Saeki, et al., Oncogene 21(29):4558-66 (2002), reported that in addition to the overexpression of the melanoma differentiation associated gene-7 (mda-7) in vitro resulting in suppression of lung cancer cell proliferation, overexpression of the mda-7 gene in human non-small cell lung carcinoma cells in vivo has an effect on tumor growth. In particular, Saeki, et al., reported that adenovirus-mediated overexpression of MDA-7 in p53-wild-type A549 and p53-null H1299 subcutaneous tumors resulted in significant tumor growth inhibition through induction of apoptosis, and that decreased CD31/PECAM expression and upregulation of APO2/TRAIL were observed in tumors expressing MDA-7. According to the authors, the data demonstrates that Ad-mda7 functions as a multi-modality anti-cancer agent, possessing both pro-apoptotic and anti-angiogenic properties and thus may potentially serve as a therapeutic agent against human lung cancer.
Knappe, et al., J Virol 74(8):3881-7 (2000) reported cloning another IL-10 homolog, designated ak155, as a protein expressed by herpesvirus saimiri-transformed T lymphocytes.
Gallagher, et al., Genes Immun1 (7):442-50 (2000) reported the identification and cloning of a gene and corresponding cDNAs encoding a homologue of IL-10, which they designated IL-19. According to Gallagher, et al., IL-19 expression was induced in monocytes by Salmonella lipopolysaccharide (LPS) treatment, but IL-19 did not bind or signal through the canonical IL-10 receptor complex, suggesting existence of an IL-19 specific receptor complex, the identity of which remained to be discovered.
Blumberg, et al., Cell 104(1):9-19 (2001), also reported cloning a protein with homology to IL-10, which they designated Zcyto10 (GenBank accession number AF224266) or IL-20. Several lines of evidence demonstrate that IL-20 may play a functional role in epidermal development and psoriasis.
Dumoutier, et al., J Immunol 164(4):1814-9 (2000) reported cloning IL-TIF (IL-10 related T cell-derived inducible factor), an IL-10 homolog, expressed by IL-9 treated murine T cells. Dumoutier, et al., Proc Natl Acad Sci USA 97(18):10144-9 (2000) and Xie, et al., J Biol Chem 275(40):31335-9 (2000) reported cloning IL-TIF's human orthologue (human IL-22). According to these reports, murine IL-22 expression can be induced by IL-9 in thymic lymphomas, T cells and mast cells in vitro and by LPS in various organs in vivo, and IL-TIF injection induced production of acute phase reactants in mouse liver, suggesting involvement of IL-TIF in the inflammatory response.
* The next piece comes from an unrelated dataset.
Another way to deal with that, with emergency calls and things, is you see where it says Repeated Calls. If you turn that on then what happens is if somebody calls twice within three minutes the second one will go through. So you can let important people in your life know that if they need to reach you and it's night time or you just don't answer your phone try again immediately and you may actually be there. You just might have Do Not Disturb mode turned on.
With the sequence of the human genome being completed, cytokines and receptors have been discovered “in silico.” Currently there are 11 members of the class II cytokine receptor family with assigned functions. Kotenko, S. V. (2002) Cytokine Growth Factor Rev. 13, 223-240; Kotenko, et al., (2000) Oncogene 19, 2557-2565; Dumoutier, et al., (2002) Eur Cytokine Netw. 13, 5-15; Fickenscher, et al., (2002) Trends Immunol 23, 89-96. These receptors are primarily utilized for signaling by members of two cytokine families, IFN and IL-10. The IFN family is further divided to type I and type II IFNs. The type II group is represented by a single member, IFN-γ, whereas the type I group is comprised of 13 IFN-α species (Data were obtained from the website of the National Center for Biotechnology Information (http://www.ncbi.nlm.nih.gov/) with the use of various software tools for analyzing genome and EST databases available at the site.), a single species of IFN-β, IFN-ω and IFN-κ (LaFleur, et al., (2001) J Biol Chem 276, 39765-39771), and a mouse cytokine designated limitin (Oritani, et al., (2000) Nat. Med. 6, 659-666) for which a human homolog has not yet been identified (and may not exist).
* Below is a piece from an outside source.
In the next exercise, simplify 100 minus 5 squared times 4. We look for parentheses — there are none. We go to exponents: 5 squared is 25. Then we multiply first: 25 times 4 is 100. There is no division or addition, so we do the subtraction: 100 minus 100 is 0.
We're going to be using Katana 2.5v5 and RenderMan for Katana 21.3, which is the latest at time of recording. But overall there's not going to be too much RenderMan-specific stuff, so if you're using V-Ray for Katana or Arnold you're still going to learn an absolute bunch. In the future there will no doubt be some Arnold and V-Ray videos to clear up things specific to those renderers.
All known type I IFN genes are clustered on human chromosome 9. There is at least one additional member of this family positioned in the same cluster.
The family of IL-10-related cytokines consists of six members of cellular origin, IL-10, IL-19, IL-20, IL-22, IL-24 and IL-26, as well as several viral cytokines (for review see Kotenko, S. V. (2002) Cytokine Growth Factor Rev. 13, 223-240; Dumoutier, et al., (2002) Eur Cytokine Netw. 13, 5-15; Fickenscher, et al., (2002) Trends Immunol 23, 89-96).
All of these cytokines possess important biological activities. Several members of the IL-10 family are involved in a complex regulation of inflammatory responses. Whereas anti-inflammatory activity of IL-10 (on macrophages) is well characterized (Moore, et al., (2001) Annu. Rev Immunol 19, 683-765), the functions of the other IL-10-related cytokines are not well defined. IL-22 upregulates expression of several acute phase proteins in liver and hepatoma cells, and induces expression of pancreatitis-associated protein (PAP1) in pancreatic acinar cells (Dumoutier, et al., (2000) Proc Natl Acad Sci USA 97, 10144-10149; Aggarwal, et al., (2001) J Interferon Cytokine Res 21, 1047-1053).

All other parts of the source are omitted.